This course investigates how to use digitized texts -- news articles, speeches, laws, press releases, party manifestos/platforms, transcripts, open-ended surveys, Tweets, etc. -- as sources of data for social science research.
We begin with overviews of the ``text as data'' field in political science -- which is heavily influenced by computer science branch of natural language processing (NLP). The idea is to get you data as a poor graduate student for free that you can then use in your own research to answer questions of theoretical interest.
We then discuss theory/mechanics of converting text into data. This will include topics like preprocessing text and related NLP tasks (e.g., stemming, tokenizing) and representing text as data (e.g., bag-of-words, measures of association), etc. Text data is often ``messy'' so handling that will be a large part of this course (e.g., web scraping, file encodings, file formats, extracting only relevant text from strings, etc.).
We'll then turn to the major approaches to measuring social science concepts with textual data, including rule-based methods, supervised learning from human-coded or known examples, and un-supervised methods.

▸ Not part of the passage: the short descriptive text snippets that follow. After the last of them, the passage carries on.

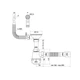 Сифон для кухни ZERIX SK-02-C 3 1/2"x40 с резьбовым выпуском и круглым переливом (ZX4954) - изображение 2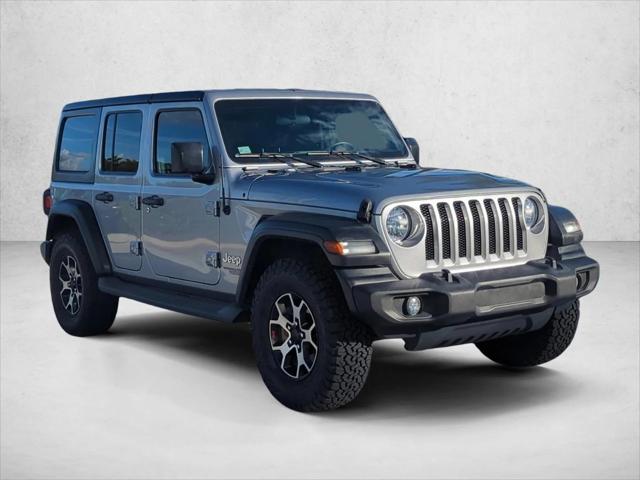 2021 Jeep Wrangler Unlimited Sport 4x4 2021 Jeep Wrangler Unlimited Sport 4x4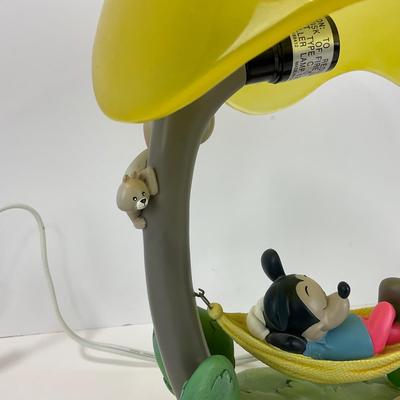 -134- HOME | Disney Mickey Mouse Hammock Lamp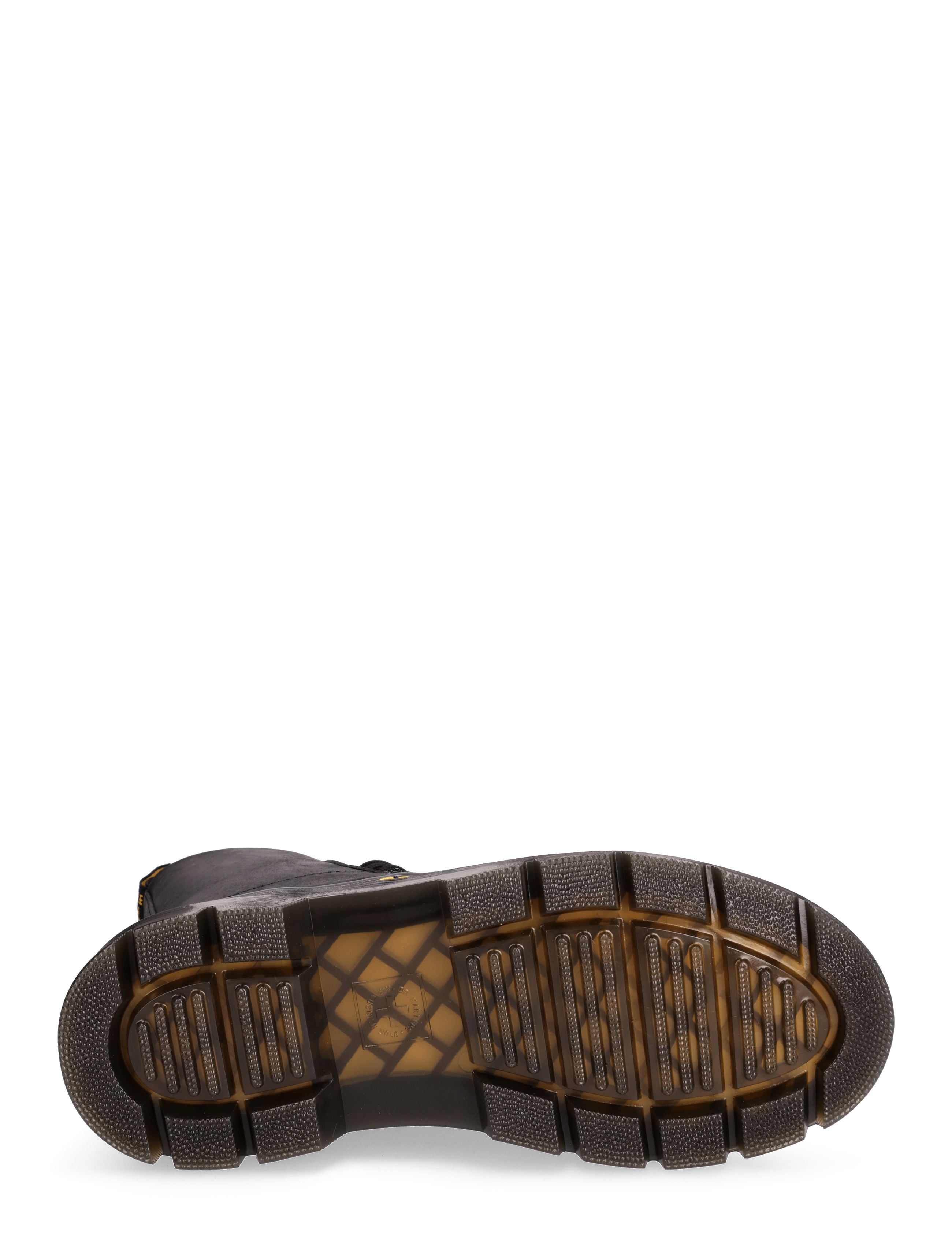 Dr. Martens - Combs Leather Black Wyoming - black - 4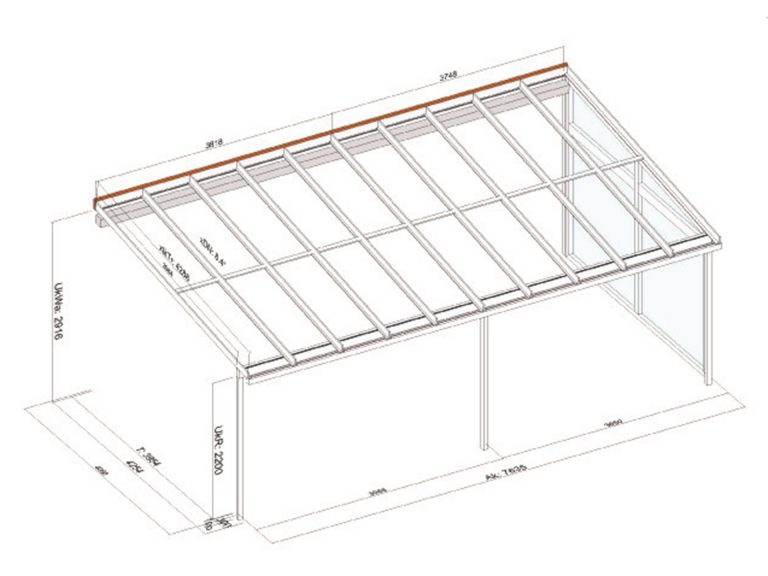 Glasdächer:TS Aluminium, regionale Fertigung, Terrassendächer, Glashaus,  - Terrassendächer:Glasdächer, Terrassendächer, Renson, Sonnenschutz - ein Produkt der Altermann GmbH, Halle (Saale)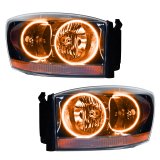 Oracle 06 Dodge Ram SMD HL - Black - ColorSHIFT w/o Controller thumbnail 9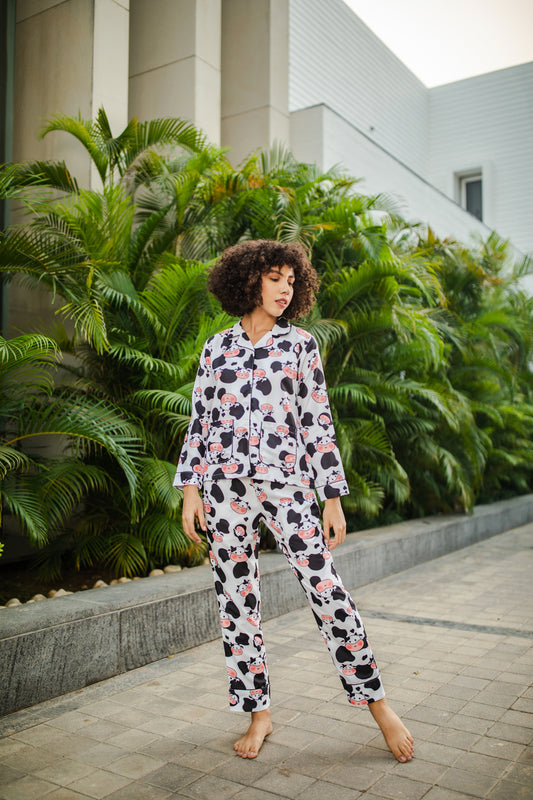 MOOH PJ SET (FULL SLEEVES)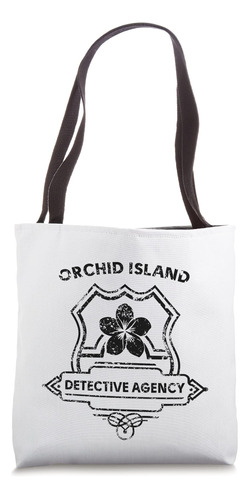 Bolso De Mano De La Agencia De Detectives Orchid Island De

As we go, we will discuss particular measurement objectives like classification, scaling, topic modeling, and analysis of sentiment and stance, as well as ways of validating our models.
Depending on time, student interest and capacity, we may learn about the neural network / deep learning approach that has come to dominate NLP in recent years.
The course will assume students have some graduate level work in statistical inference, quantitative social science methodology, or machine learning, and at least know what R is but ideally some experience with R.